Les Verts dénoncent la stratégie de la haute direction d'ArcelorMittal dont le seul objectif a été "le maintien de ses profits à court terme, quelles que soient les conséquences pour l'emploi". 

Ecolo assure qu'il veillera à ce que le gouvernement wallon prenne toutes les mesures pour venir en aide aux travailleurs et à leurs familles le plus rapidement possible.

Le PTB attend une réaction rapide des autorités

Après l'annonce du drame social, le PTB dit attendre des autorités une réaction aussi rapide qu'elle l'a été pour Dexia. "On a vu des ministres décider en moins de 24 heures de débloquer 4 milliards d'euros pour sauver une banque qui avait spéculé avec l'argent des communes", souligne-t-il.

Le PTB rappelle enfin sa proposition visant à interdire aux entreprises faisant des bénéfices de licencier.

Le bourgmestre de Seraing en appelle à la mobilisation

"Malgré le sentiment de rage incommensurable provoqué par l'annonce de la direction d'ArcelorMittal, il ne faut pas sombrer mais il faut rester mobilisé", a commenté mercredi soir à BELGA le bourgmestre de Seraing, Alain Mathot.

S'il qualifie de "catastrophique" la fermeture de la phase à chaud, Alain Mathot estime qu'il ne faut pas baisser les bras. "Les forces vives doivent se mettre autour de la table et réfléchir pour tenter de trouver une solution. Nous devons tous nous battre", a-t-il commenté.

Le bourgmestre veut encore y croire. "Avec le ministre Marcourt, nous avons déjà pu convaincre une fois la direction de changer d'avis et de relancer le haut-fourneau. Pourquoi pas cette fois? Si ça ne marche pas, pourquoi ne pas penser à une revente? Les outils sont là et peut-être qu'ils intéresseront un autre groupe... Tout doit être envisagé", a-t-il remarqué.

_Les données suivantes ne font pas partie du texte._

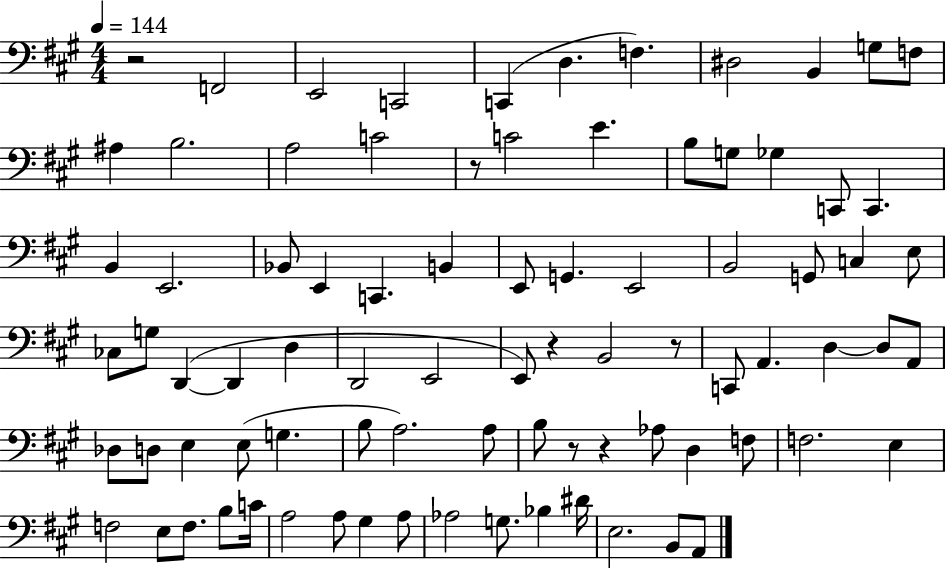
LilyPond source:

{
  \clef bass
  \numericTimeSignature
  \time 4/4
  \key a \major
  \tempo 4 = 144
  \repeat volta 2 { r2 f,2 | e,2 c,2 | c,4( d4. f4.) | dis2 b,4 g8 f8 | \break ais4 b2. | a2 c'2 | r8 c'2 e'4. | b8 g8 ges4 c,8 c,4. | \break b,4 e,2. | bes,8 e,4 c,4. b,4 | e,8 g,4. e,2 | b,2 g,8 c4 e8 | \break ces8 g8 d,4~(~ d,4 d4 | d,2 e,2 | e,8) r4 b,2 r8 | c,8 a,4. d4~~ d8 a,8 | \break des8 d8 e4 e8( g4. | b8 a2.) a8 | b8 r8 r4 aes8 d4 f8 | f2. e4 | \break f2 e8 f8. b8 c'16 | a2 a8 gis4 a8 | aes2 g8. bes4 dis'16 | e2. b,8 a,8 | \break } \bar "|."
}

Alain Mathot précise qu'il est totalement solidaire avec les travailleurs. "La fermeture concerne plusieurs milliers de personnes; au moins 2000 familles quand on compte les sous-traitants. Ces personnes ont été trompées et on comprend leur colère", a-t-il expliqué, rappelant que lors de l'accord de relance du HF, ArcelorMittal avait annoncé que le groupe réaliserait des investissements pour assurer la pérennité de l'outil si les travailleurs faisaient des efforts. 

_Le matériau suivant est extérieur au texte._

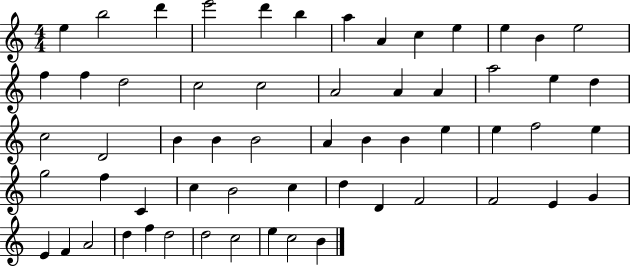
E5/q B5/h D6/q E6/h D6/q B5/q A5/q A4/q C5/q E5/q E5/q B4/q E5/h F5/q F5/q D5/h C5/h C5/h A4/h A4/q A4/q A5/h E5/q D5/q C5/h D4/h B4/q B4/q B4/h A4/q B4/q B4/q E5/q E5/q F5/h E5/q G5/h F5/q C4/q C5/q B4/h C5/q D5/q D4/q F4/h F4/h E4/q G4/q E4/q F4/q A4/h D5/q F5/q D5/h D5/h C5/h E5/q C5/h B4/q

"Les travailleurs ont accepté le gel des salaires, ont fait preuve de flexibilité, ... Ils ont rempli les conditions demandées mais ArcelorMittal n'a jamais investi un euro pour moderniser l'outil. On peut comprendre la rage des travailleurs", a-t-il souligné.

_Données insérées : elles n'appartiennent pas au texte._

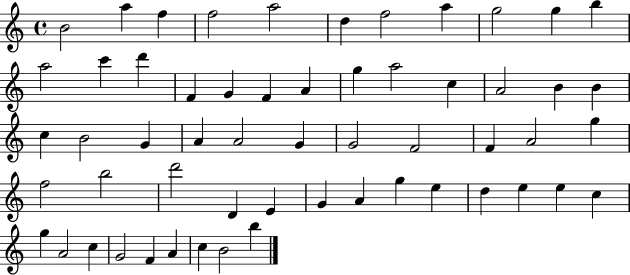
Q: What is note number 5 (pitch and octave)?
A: A5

Le bourgmestre précise que la Ville de Seraing est aux côtés des travailleurs et est prête à participer, avec eux, aux actions qui seront menées "en évitant cependant les débordements qui n'apporteront rien".

Alain Mathot affirme enfin qu'il n'a pas été informé de la décision d'ArcelorMittal. "Je me rappelle que mon père (Guy Mathot, NDlR) disait qu'un des jours les plus horribles de sa vie était quand il a été reçu à Arcelor à Luxembourg pour annoncer une fermeture. Il s'était senti comme un moins que rien", a-t-il conclu.